How to Utilize AI in Your Business While Minimizing Environmental Harm
July 7, 2025
Opinions expressed by Entrepreneur contributors are their own.
The use of artificial intelligence is on the rise across almost every industry, and the ways it can be used are expanding as we speak. AI can be tremendously beneficial across a variety of fields, but it can also have drawbacks — one of them being a substantial impact on the environment.
The energy consumption required to power AI is significant. Power-hungry AI processors burn through a lot of energy quickly. Creating an image, for example, can use as much power as it takes to charge your phone.
The infrastructure that supports this process also requires the use of other resources, such as water, to cool the systems and prevent overheating. An AI prompt uses as much water as a 16-ounce bottle for every 5-50 interactions.
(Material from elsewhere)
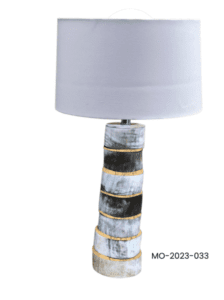 Horn Lamp With White Lamp Shades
Despite the negative impact AI use has on the environment, it is not going away. It is becoming a necessity to be competitive in just about any market, so avoiding AI entirely isn’t a practical option. The key is to be intentional: knowing when and how to use AI is vital to your business and to the planet.
Related: World Environment Day 2025: Can AI Fix the Energy Problem It Helped Create?
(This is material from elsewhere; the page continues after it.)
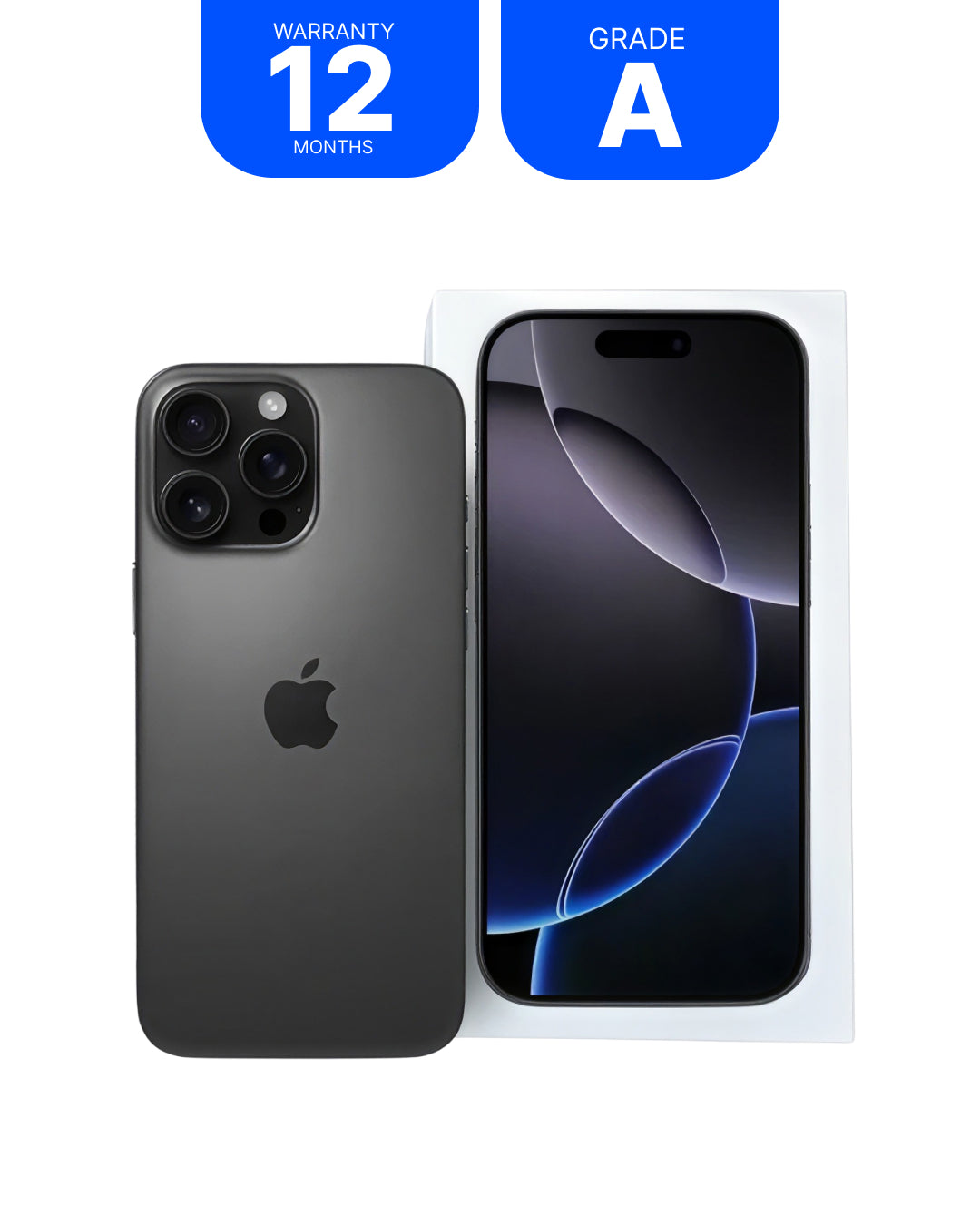 A dark gray Apple iPhone shown from the back next to its white retail box, with two blue badges at the top reading 'WARRANTY 12 MONTHS' and 'GRADE A'.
AI policies: What they are and how to use them
We recommend implementing an AI policy in your company to guide your organization on when to use AI and when not to. This ensures your team’s usage will align with company values, standards and legal requirements in order to maximize benefit.
While providing this type of framework will not mitigate the environmental impact of your AI usage, it can give you more control over when you’re making the environmental tradeoff of using AI.
When and how should you use AI?
AI is a part of the modern business environment, and there are a few ways in which it can have a maximal impact on your business, keeping you competitive while being selective about how you’re impacting the environment.
1. Use AI to increase efficiency
AI can drastically increase the efficiency of your team if used correctly. When used to take on mundane tasks, AI can eliminate human error and increase productivity. When entering data, for example, humans can easily make costly mistakes. AI does not make those types of mistakes and can also flag errors made by humans. The amount of efficiency that you can gain back using AI is critical to staying competitive in the market, so this is the best place to use AI in your business.
2. Use AI to enhance your team and client experience
The use of AI to enhance the workplace experience of your team and the service experience of your customers can increase satisfaction for all parties involved. By reducing the time it takes to deal with the nitty gritty, humans can move on to more satisfying things that can increase happiness and productivity while giving your clients the seamless experience that your competitors will be rivaling via their use of AI-enhanced tools.
AI-enhanced customer service experiences are becoming increasingly standard, with clients expecting quick and tailored service and responses. This is something that companies broadly will have to keep up with to stay competitive.
On the team side, AI can help increase satisfaction in the workplace by streamlining communications, scheduling and resource management. While face-to-face teamwork is important, most employees would agree that too much of their time is spent in unnecessary meetings. No one will complain when your AI policy helps take the drudgery out of their day.
Related: When AI Meets Climate
When should you not use AI?
When choosing how to implement AI into your business operations while minimizing your environmental impact, there are some key situations where using AI does not make sense.
1. Avoid AI simply “for fun” or for tasks that can be easily done without AI
Most people would agree that AI has some fun uses, but it just isn’t worth the environmental impact. For example, using AI to create images or videos that are not necessary is not a good use of resources.
Using AI for basic research that could be found using other resources is not an efficient use of the technology, so rather than asking AI for help with every small task, your team’s training should include the type of tasks that can be done without AI. Generating an entire presentation with AI, for example, rather than using existing templated slides, may not be the best environmental tradeoff.
2. Don’t use AI for anything that requires nuanced communication or emotional intelligence
AI doesn’t yet understand how to handle delicate situations. Though the communication it generates can sound conversational, since AI is purely input-driven, it can often miss the context that sensitive matters require. Rely on your team’s ability to handle these situations with tact, and therefore reduce your use of AI.
3. Don’t use AI when it takes away from the human experience
As valuable as AI is, your team is more valuable and should be your top priority. If your company’s use of AI is taking away from the experience and learning of your humans, that is counterproductive.
Your human team members should have the opportunity to learn how to do tasks before handing them over to AI. If they don’t have the chance to build the skills foundational to their job, they are missing out on experience that could benefit their future, your company and the field at large. For example, while doctors with years of experience can benefit greatly from using AI to look at medical scans, a resident should have the opportunity to develop an eye so that they know what to look for when making a diagnosis.
The AI field continues to grow and change by the day, so plan to regularly monitor and educate yourself on the ongoing impact of AI on the environment, quality of the tools and the competitive landscape of AI use in your industry, and update your AI policy accordingly.
If you implement AI use in your organization in an intentional way, you can reap the benefits and avoid overusing the technology, which will help reduce your company’s environmental impact while staying relevant.